The tragic Estonian poet, Juhan Liiv, who lived on the knife-edge between genius and insanity, lived at the turn of the 19th and 20th centuries and went into history as a prophet, foretelling the coming of the Estonian state in his works. The Estonians’ belief in poetry and the power of words originates partly with him: the word that has been uttered by a poet, a thing that has once been given a name, has been destined to become the reality. The Juhan Liiv Poetry Prize, established about thirty years ago, is unique among Estonian literary prizes. It honours the word and is not a monetary prize, but the winner is awarded a shepherd’s bag made of leather, or some other leather artefact; it is presented to the author of the most outstanding poem published in any given year, the chairman of the awarding committee being the winner of the previous year’s prize.
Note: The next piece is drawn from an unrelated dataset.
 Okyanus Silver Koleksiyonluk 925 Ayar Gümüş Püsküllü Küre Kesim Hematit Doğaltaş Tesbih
In 1999, Ene Mihkelson was awarded this prize for the second time, and this was not a chance occurrence. The selection was made bythe committee, chaired by the Grand Old Man of Estonian poetry, Kalju Lepik, who passed away on May 30th, that same year. The decision of the committee conveys acknowledgement for the work, in the best traditions of Estonian poetry: a master recognizing another master as equal.
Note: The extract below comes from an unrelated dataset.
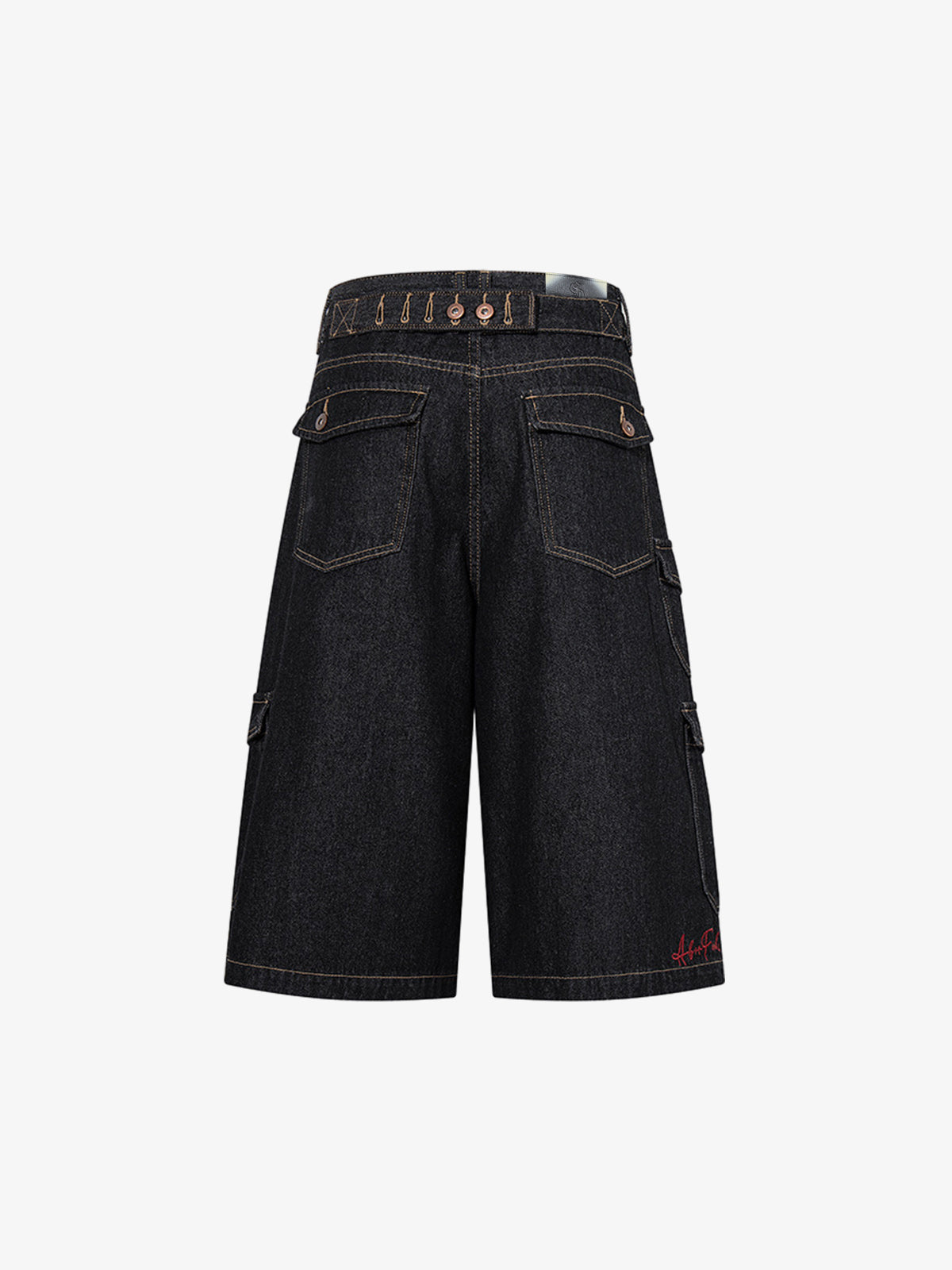 Rear view of dark wash denim shorts in a classic fit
Ene Mihkelson (born 1944) studied Estonian literature at university, worked for a short time as a teacher, then as a researcher at the Estonian Literary Museum, but for the greater part of her life she has been a free-lance writer in Tartu. Although she published her first work as early as 1967, her first collection of poetry “Selle talve laused” (The Sentences of This Winter) could not appear until 1978. Being the child of a Forest Brother, she was not approved by the Soviet powers-that-be; the subject of fighting for freedom, which fills her work, later gave reason for the analysis of tragic events in Estonian history.
By now, her voice has been heard in Estonian poetry for a quarter of a century, and she has published ten collections of poetry; two of them – “Võimalus õunast loobuda” (A Chance to Refuse the Apple) (1990) and “Hüüdja hääl” (A Calling Voice) (1993) – being recognized as the best books of those particular years. Her latest collection of poetry to date, “Pidevus neelab üht nuga” (Continuity Swallows a Knife) was published in 1997, and a large volume of her selected poetry will appear in 2000. Mihkelson’s poems have been translated into German, most recently in a representative selection of Estonian poetry Die Freiheit der Kartoffelkeime (Cologne, 1999). Apart from poetry, Mihkelson has published four novels, a collection of short stories “Surma sünnipäev” (The Birthday of Death), and a selection of critical essays entitled “Kirjanduse seletusi” (Explanations of Literature). From among her novels the polyphonic “Nime vaev” (The Torment of the Name) (1994) was best received. This book dug hauntingly deep into the key strata of historical problems at the dawn of the new independence.
With regard to form, Mihkelson’s poetry is far from traditional: her poems cannot be divided into verses or stanzas, they lack metre, phonological instrumentation and rhythm. Potential pauses are only marked by capital letters, accentuating the beginnings of sentences, and by enjambements, breaking lines and interrupting the text at rather unexpected places. Characteristic of Mihkelson’s poetry is its intense, concise and strained language, unexpected inversions and paradox. On the one hand, her poems are unified and complete, on the other, they are fragmentary and resemble fragments torn from some magical-realist saga, the hazy beginning of which drawing its subject-matter from the collective mythological past. Then her poetry moves to her childhood, spent in a Forest Brethren bunker, in a collective prison of the 1950s, and finally, it reaches the present by depicting the pains of the rebirth of society, and by the uncompromising manifestation of freedom. Mihkelson’s words are full of pain, she says that “Writing is a wound on the white body of paper that is torn by touches”, and a sentence written by Hermann Hesse that she quotes in one of her poems, showing the sufferings of people who live on the border of two epochs as a real hell, could well be the motto of the whole of her poetry. The style of her poetry is allegorical, it discusses metaphysical subjects and rises above its own epoch. Earlier, it has been said that Mihkelson’s poetry is difficult to understand, but this accusation mostly originated with the Soviet tendency at levelling. Factors shaping the fate of a small nation, relations between people, history, and the world are, indeed, intricately and paradoxically mixed in her work, but I always recall some verses from her first collection “Selle talve laused”: “I have been asked, whether I can make it more complicated, and I have told people that I cannot make it more complicated as it already is, ditto making it easier.” This sounds like a maxim, written in another poem: “If to write poetry at all, then only in an impossible way”.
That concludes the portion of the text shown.